JRM Vol.34 No.2 pp. 223-226
doi: 10.20965/jrm.2022.p0223


Biomimetic Soft Wings for Soft Robot Science

Hiroto Tanaka*, Toshiyuki Nakata**, and Takeshi Yamasaki***

*Tokyo Institute of Technology
2-12-1 Ookayama, Meguro-ku, Tokyo 152-8550, Japan

**Chiba University
1-33 Yayoi-cho, Inage-ku, Chiba-shi, Chiba 263-8522, Japan

***Yamashina Institute for Ornithology
115 Konoyama, Abiko-shi, Chiba 270-1145, Japan

September 17, 2021
January 10, 2022
April 20, 2022
flapping wing, flexible wing, hummingbird, penguin, fluid-structure interaction
Biomimetic Soft Wings for Soft Robot Science

Flapping-wing robot with elastic parts

Flight and swimming in nature can inspire the design of highly adaptive robots capable of working in complex environments. In this letter, we reviewed our work on robotic propulsion in the air and water, with a specific focus on the crucial functions of elastic components involved in the driving mechanism and flapping wings.

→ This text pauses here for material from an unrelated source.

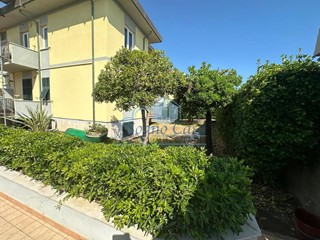 Bilocale in Vendita a Carrara, zona Marina di Carrara, 55'000&euro;, 40 m², arredato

Elasticity in the driving mechanism inspired by birds and insects can enhance both the aerodynamic efficiency of flapping wings and robustness against disturbances with appropriate design. A flapping wing surface with a stiffness distribution inspired by hummingbirds was fabricated by combining tapered spars and ribs with a thin film. The biomimetic flexible wing could generate more lift than the nontapered wing with a similar amount of power consumption. Underwater flapping-wing propulsion inspired by penguins was investigated by combining the 3-degree-of-freedom (DoF) flapping mechanism and hydrodynamic calculation, which indicates that wing bending increases the propulsion efficiency. This work demonstrates the importance of passive deformation of both wing surfaces and driving mechanisms for improving the fluid dynamic efficiency and robustness in flight and swimming, as well as providing biological insight from an engineering perspective.

Cite this article as:
Hiroto Tanaka, Toshiyuki Nakata, and Takeshi Yamasaki, “Biomimetic Soft Wings for Soft Robot Science,” J. Robot. Mechatron., Vol.34, No.2, pp. 223-226, 2022.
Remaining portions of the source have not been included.